Jadącego drogą techniczno-pożarową osobowego opla zauważył o godzinie 7 rano pracownik ochrony dworca. – Pojazd, przecinając torowiska dworca, wjechał wprost pod odjeżdżający z peronu pierwszego pociąg – opisuje Sebastian Gleń, rzecznik prasowy małopolskiej policji. Do zdarzenia doszło 28 kwietnia, jednak policja dopiero teraz opublikowała nagranie z miejsca zdarzenia.
Maszynista wyhamował skład, a kierowca samochodu wycofał auto na peron i wysiadł. Nie odszedł jednak daleko. - Skierowani na miejsce pracownicy ochrony szybko namierzyli właściciela pojazdu. Mężczyzna błąkał się bez celu przy schodach prowadzących do tunelu dworca – podaje Gleń.
2,5 promila i butelki w samochodzie
29-latek został zatrzymany przez ochroniarzy.
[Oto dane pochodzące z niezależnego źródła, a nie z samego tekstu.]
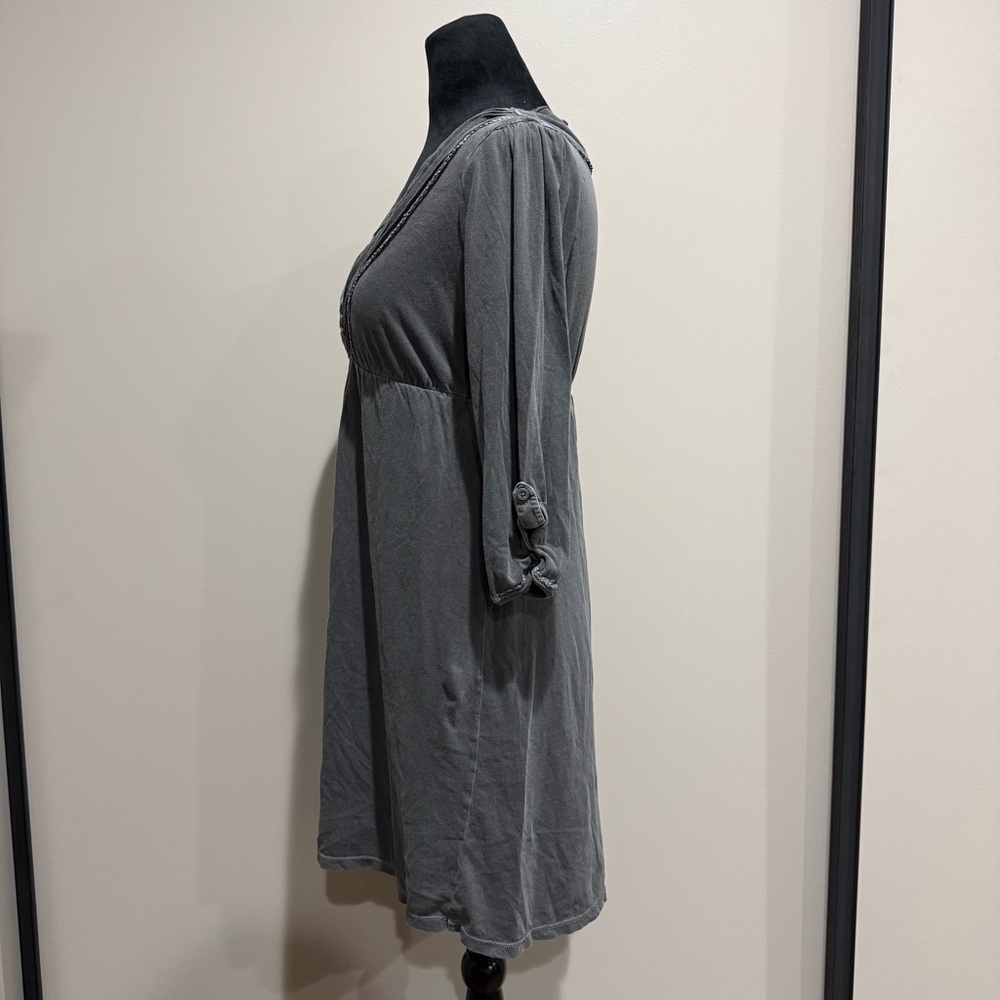 Y2K O'Neill Charcoal Gray Pleated Boho Chic Tunic Dress - Size M - Picture 4 of 8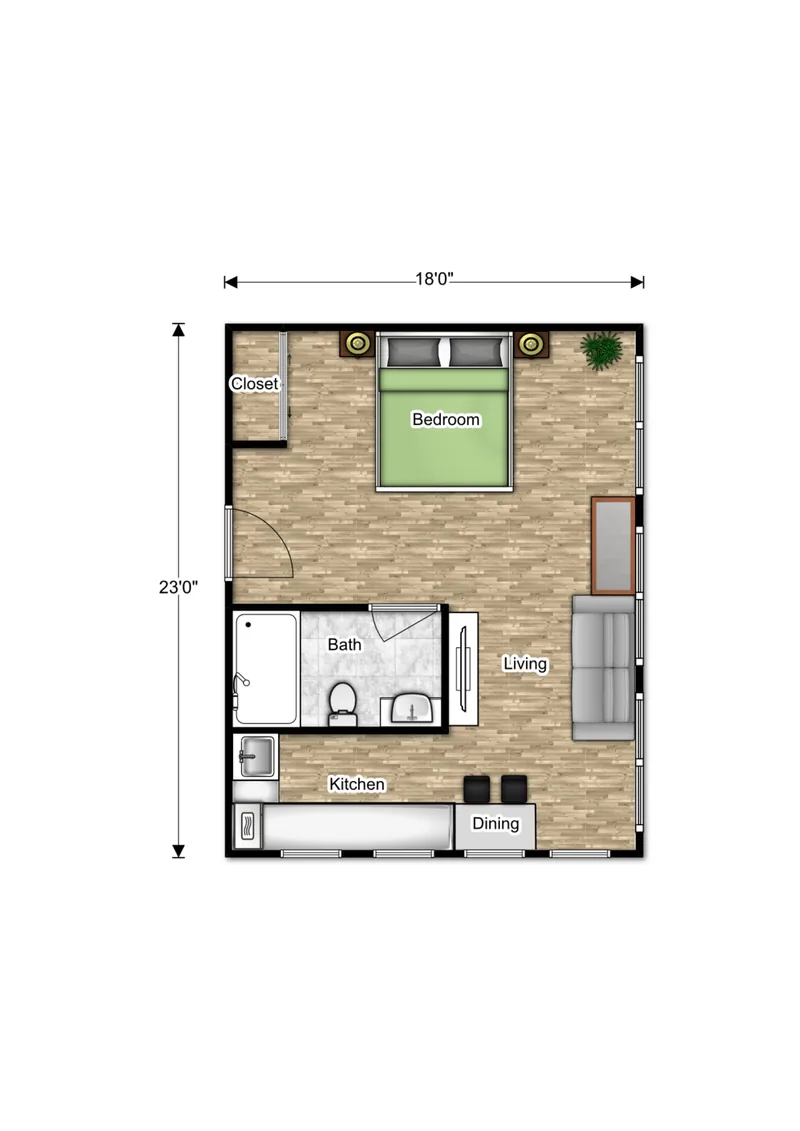 Floor plan of cottage at Fern Grotto Inn, Kapaa, Kauai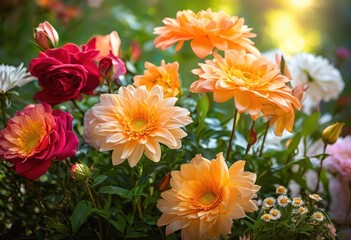 vibrant floral arrangements bathed soft sunlight creating warm inviting atmosphere, bouquet, blossom, petal, garden, colorful, nature, bright, decoration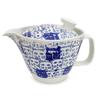 J-kitchens Tea Pot with Strainer, 385ml Capacity, Serves 2-3, Made In Japan, Hasami Ware, Cats Design, Blue, Large (Product Number: 174794)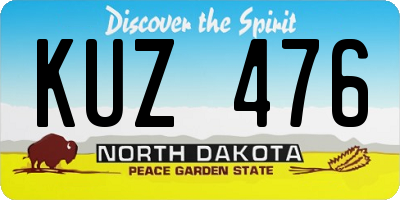 ND license plate KUZ476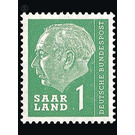 Definitive stamp series Federal President Heuss  - Germany / Saarland 1957 - 1 franc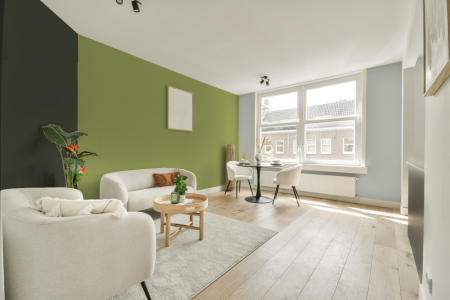 woonkamer met neutrale kleuren en Ral 110 70 40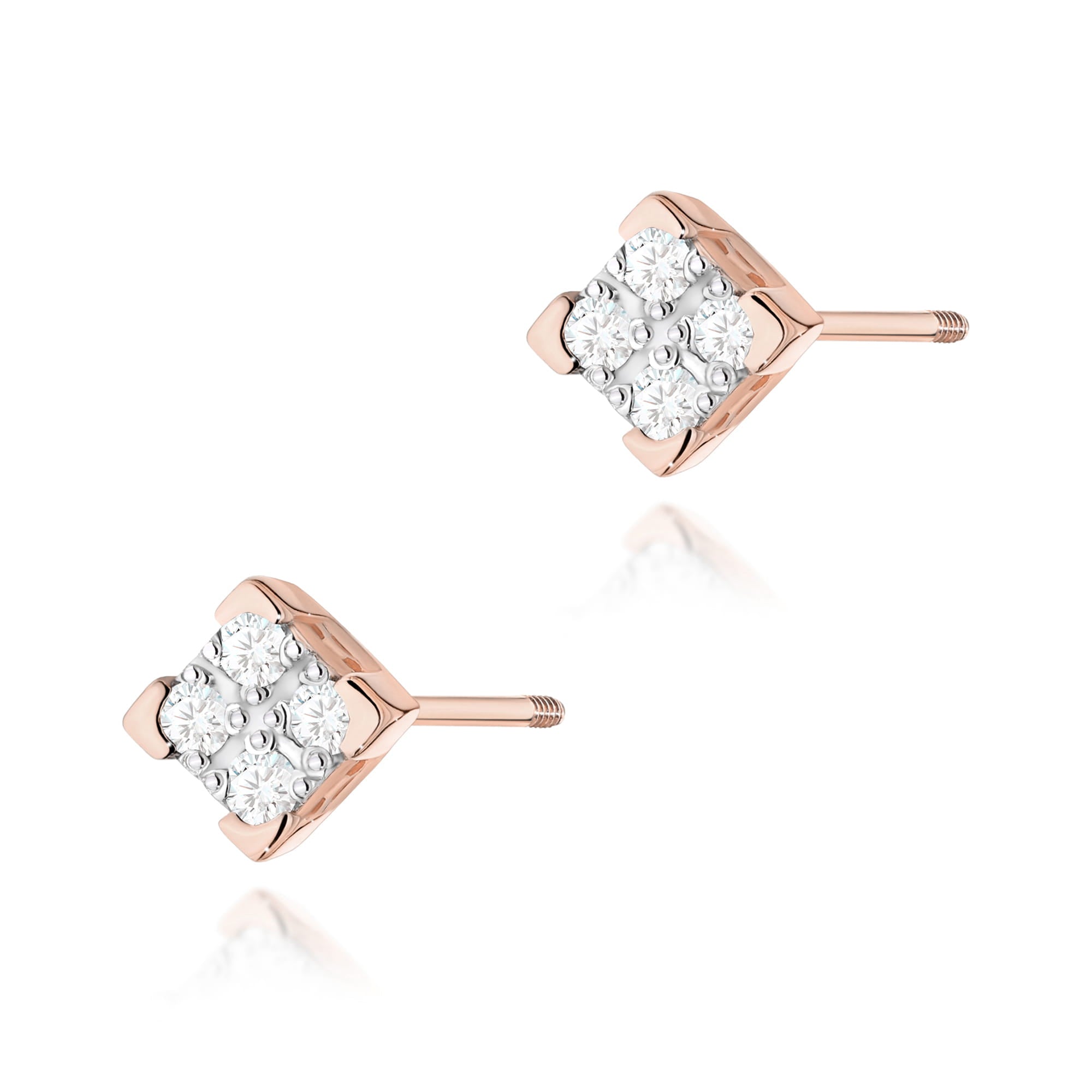 Cercei Aur 14K K0402 Diamante Șurub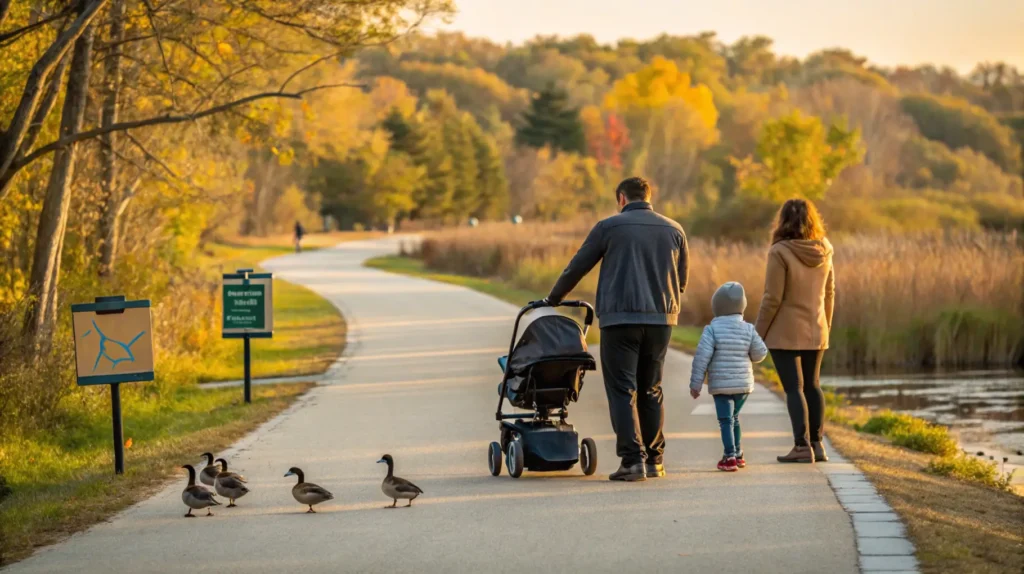  Family with stroller walking along paved Lagoon Trail at Bay Beach Wildlife Sanctuary viewing waterfowl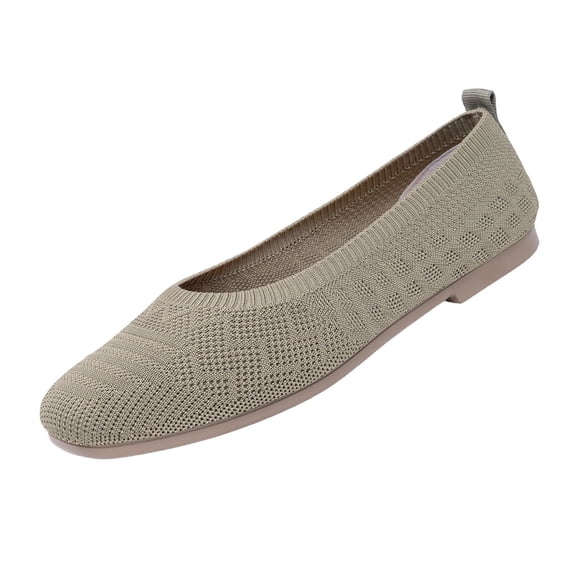 Wensltd Women Knit Ballet Flats Comfortable Slip-On Round Toe Casual Lightweight Walking Shoes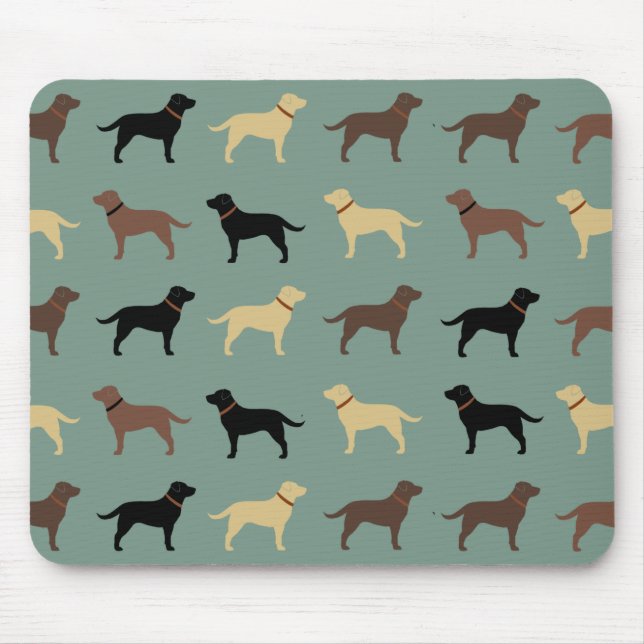 Labrador Retriever Dog Silhouettes Pattern Labs Mouse Mat (Front)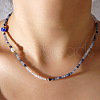 Faceted Round Natural Blue Aventurine(Dyed & Heated) & Glass & Flower Lampwork Beaded Necklaces for Women HR2207-3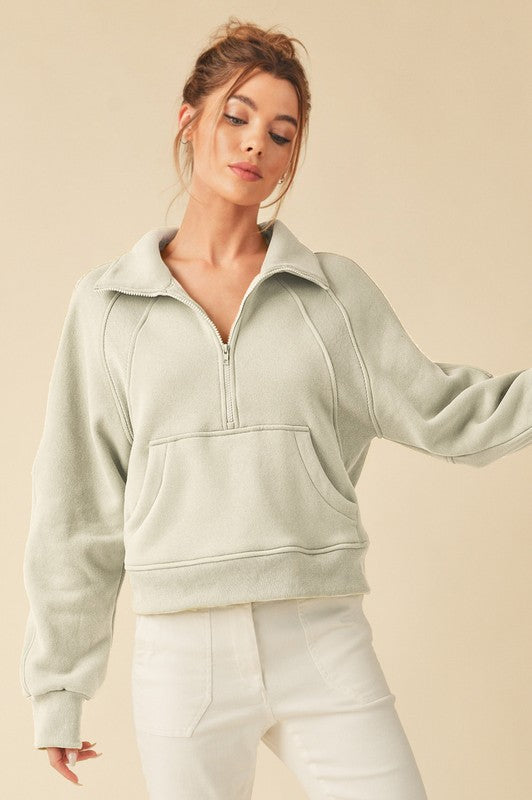 Drea Half-Zip Oversized Hoodie Cotton-Blend Fleece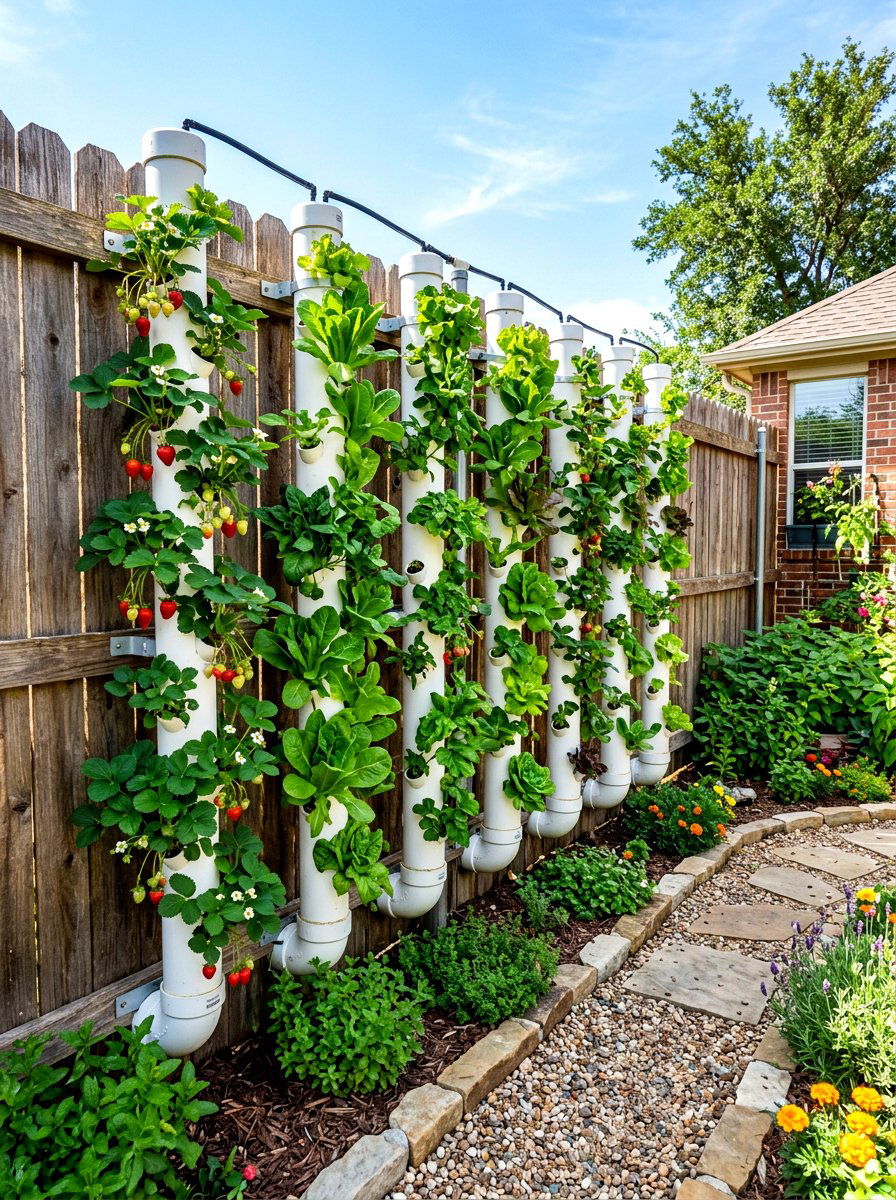 PVC Vertical Garden - 30 diy look planter ideas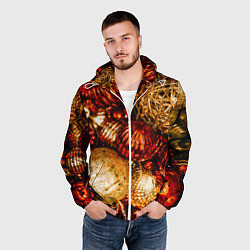 Ветровка с капюшоном мужская Новогоднее ёлочное украшение, цвет: 3D-белый — фото 2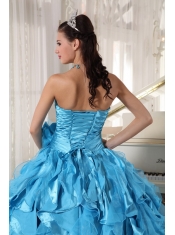 Teal Ball Gown Sweetheart Floor-length Organza Beading Quinceanera Dress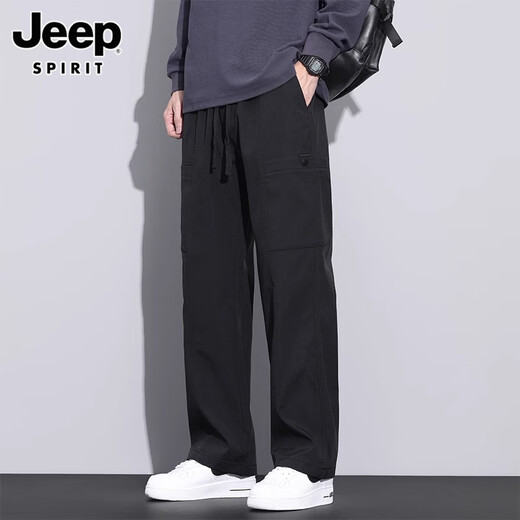 Jeep Spirit High-End-Funktionshose für Männer Herbst- und Winterstil plus Samt verdickte gerade Fallschirmjäger und Freizeithosen für Männer 9856 Armee Green plus Samt M Empfohlen [90-110jin [Jin gleich 0,5 kg]]]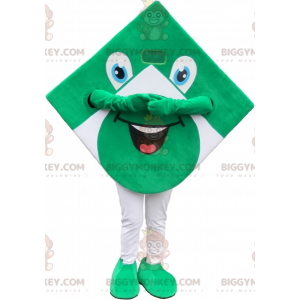 Traje de mascote BIGGYMONKEY™ quadrado verde e branco com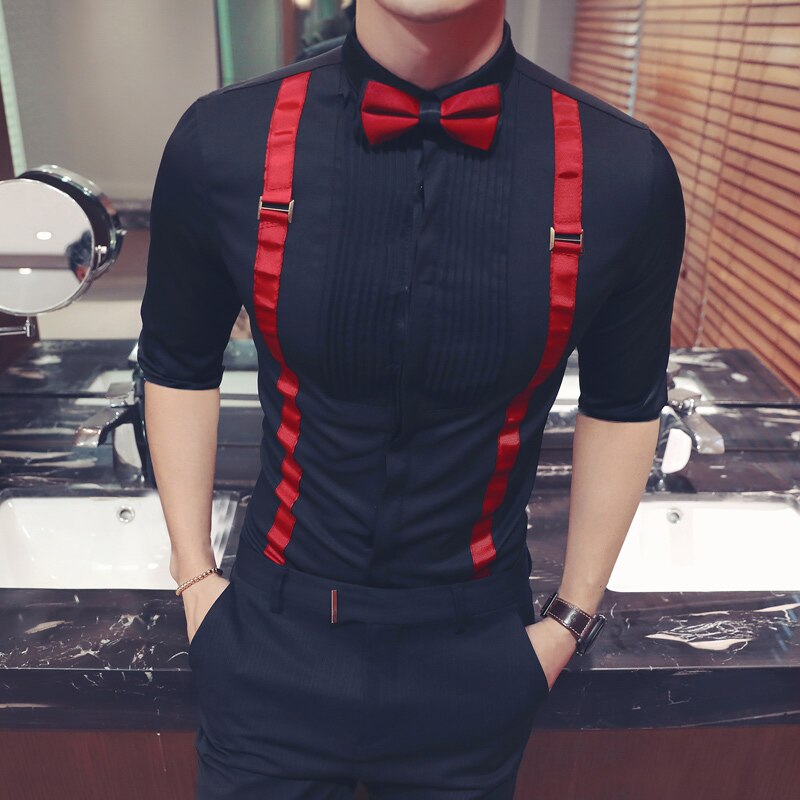 Odzież męska butikowa z czystej bawełny z kołnierzykiem z klapami, casualowa, biznesowa, męska, klubowa, dopasowana, półrękawowa, wizytowa , 5xl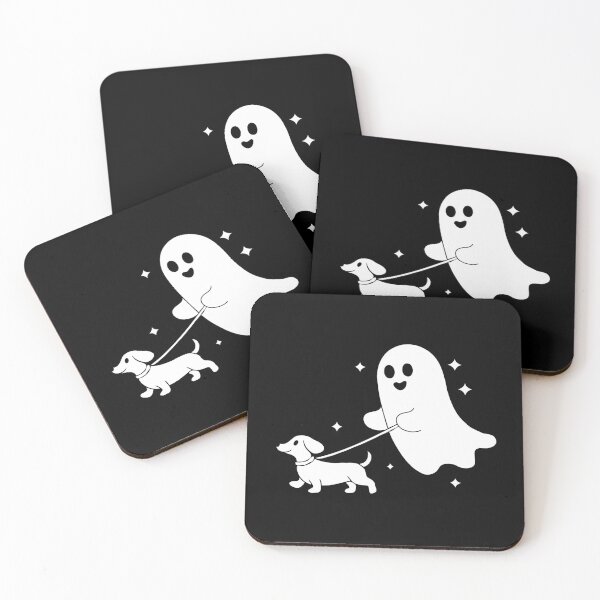 Item preview, Cute Ghost Walking a Dog – Funny Spooky Halloween Dog Lover Art designed and sold by BrainBubbleArt.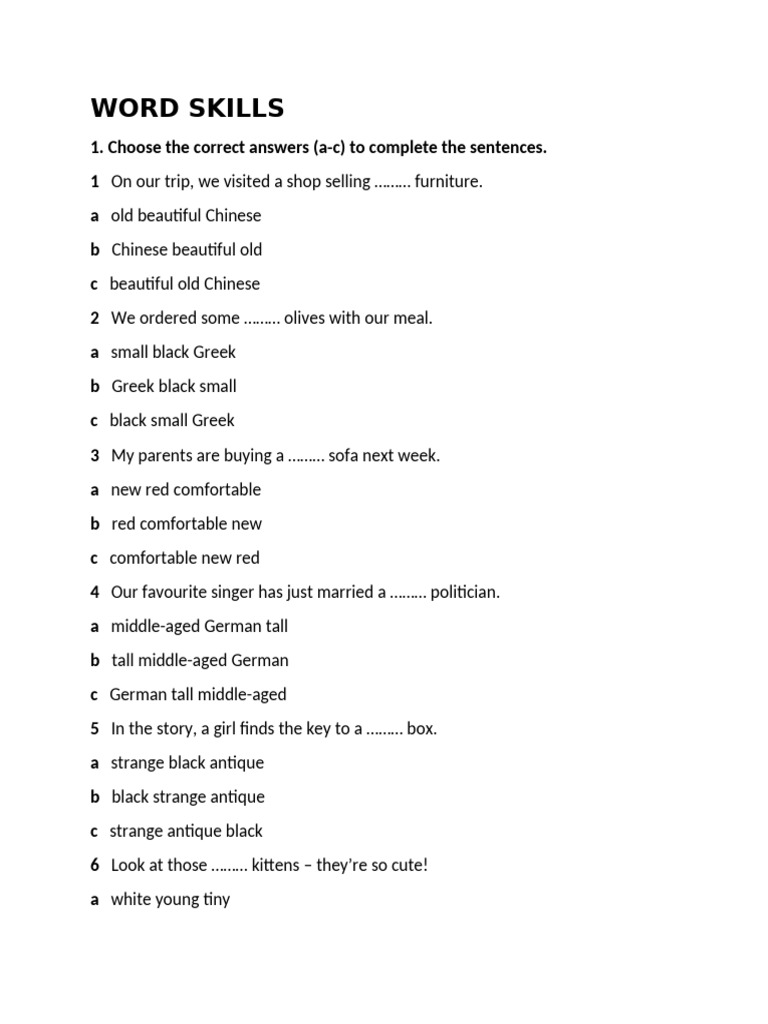 Word Skills Practice and Answers | PDF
Po chwili na miejsce przyjechali policjanci, którzy przebadali 29-latka alkomatem. Okazało się, że mężczyzna jest kompletnie pijany – miał blisko 2,5 promila alkoholu w wydychanym powietrzu. W oplu znaleziono puste butelki po napojach alkoholowych.
Okazało się, że miechowianin ma zakaz prowadzenia pojazdów wydany przez krakowski sąd, a także orzeczoną karę trzech miesięcy więzienia za wcześniejsze prowadzenie samochodu pod wpływem alkoholu.
29-latek usłyszał zarzut sprowadzenia bezpośredniego niebezpieczeństwa katastrofy w ruchu lądowym, grozi mu do ośmiu lat więzienia. Trafił na dwa miesiące do aresztu tymczasowego.